Al encender la televisión, o leer la prensa, incluso la mente menos analítica percibe que en los medios siempre está sobre la mesa el problema del sobrepeso físico, aunque no sea un tema que se trate directamente. Para empezar, las personalidades públicas que salen por la tele están generalmente delgadísimas. No hay más que verlo. Por comparación, los demás estamos gordos, en mayor o menor medida; tras ver la tele, empezamos a sentir que a todos nos sobra grasa corporal.
Una vez generada esa ansiedad en el público, se procede a proponerle soluciones de forma escasamente desinteresada. Para reducir peso, nada como el ejercicio; sin embargo, parece que el común de la gente no tiene estructura operativa ni voluntad suficiente para empezar a hacer deporte, así que automáticamente se abren paso las dietas milagrosas, que tienen la ventaja de que pueden ponerse en marcha sin tener que mover un solo músculo. Esas dietas consisten generalmente en experimentar con el cuerpo propio una serie de sabotajes fisiológicos aberrantes, que van desde eliminar de un día para otro buena parte del catálogo alimentario humano (empezar a alimentarse sólo de proteínas, o sólo de alcachofa, por ejemplo) hasta incorporar en nuestro régimen alimentos insólitos, más propios del reino animal; todo ello acompañado por una dinámica demencial de almuerzos pequeños, múltiples, con la recomendación de beber al día la misma cantidad de agua que la que toma un dromedario y con la obligación incomprensible de detenerlo todo a mediodía para tomar tres pistachos (nadie en sus cabales puede tomar tres pistachos: uno puede tomar cuarenta, o no tomar ninguno, pero nunca solamente tres). Este funcionamiento desquiciado no solamente tiene efectos negativos en el organismo (al convertirlo en una entidad corporal desbarajustada y sin patrón), sino que también la mente y el espíritu son víctimas de una erosión incuestionable. Los que intentan cumplir estas dietas se vuelven más o menos majaras, entrando en un laberinto de irascibilidad, desorientación y sentimiento de culpa que acaba afectando a todos los que les rodean.

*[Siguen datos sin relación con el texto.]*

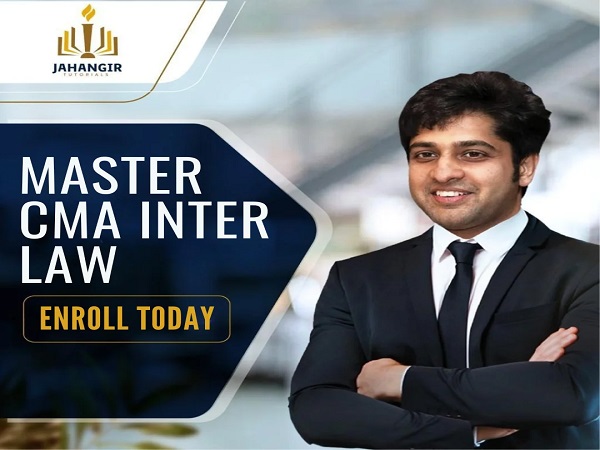 Best CMA Final Law Classes in India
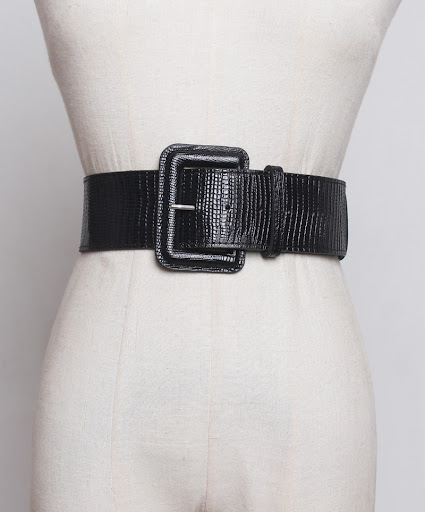 Title 8, Simple Ladies Wide Belt Casual Versatile Decora...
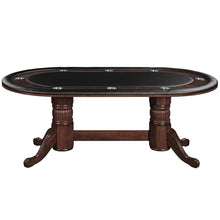 Load image into Gallery viewer, 84&quot; Texas Hold&#39;Em Game Table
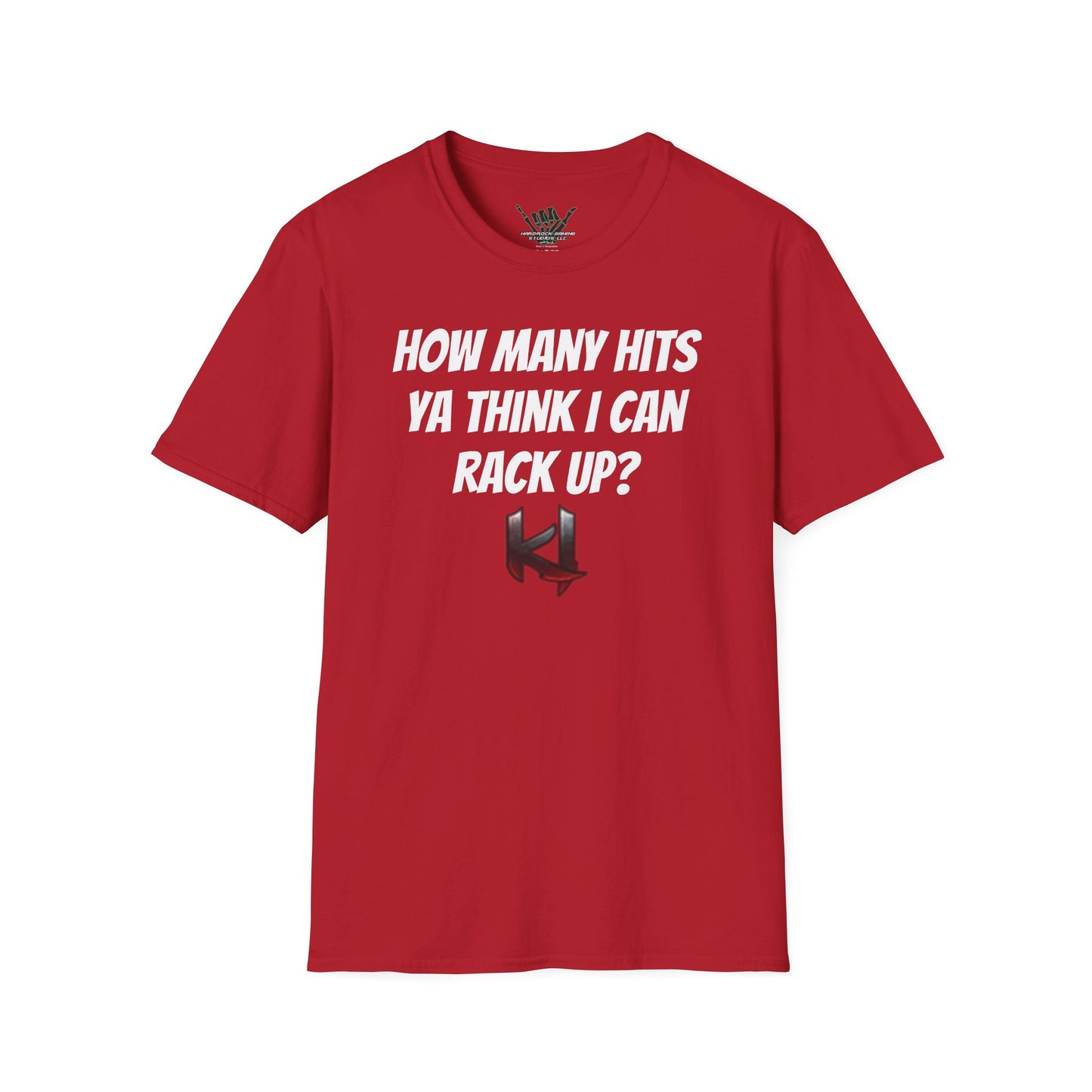 KI FGC "HOW MANY HITS" Unisex T-Shirt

Y prefiero no cuantificar el montante dinerario que se emplea en estos asuntos.
El distinguido lector tiene la suficiente inteligencia como para darse cuenta de que aquí no estoy refiriéndome a las personas que por su obesidad nítida y objetiva están en una situación peligrosa desde un punto de vista médico. Lógicamente, hay que pensar que esas personas deben cuidarse si no quieren tener problemas más graves de salud. Pero gran parte de los que están a régimen no están gordos: están bien. Bien físicamente, claro, porque de la cabeza están un poco peor. Aunque no tanto como los ideólogos de todo esto, los que dictan la normativa militar de la delgadez escalofriante: uno tiene la impresión de que la escala de medición del peso corporal que se usa hoy en día viene dada por personas especialmente trastornadas o desaprensivas; personas que, aunque no lo crean, presentan un cuadro médico de exceso de grasa: tal vez no en los glúteos, pero sí en el cerebro.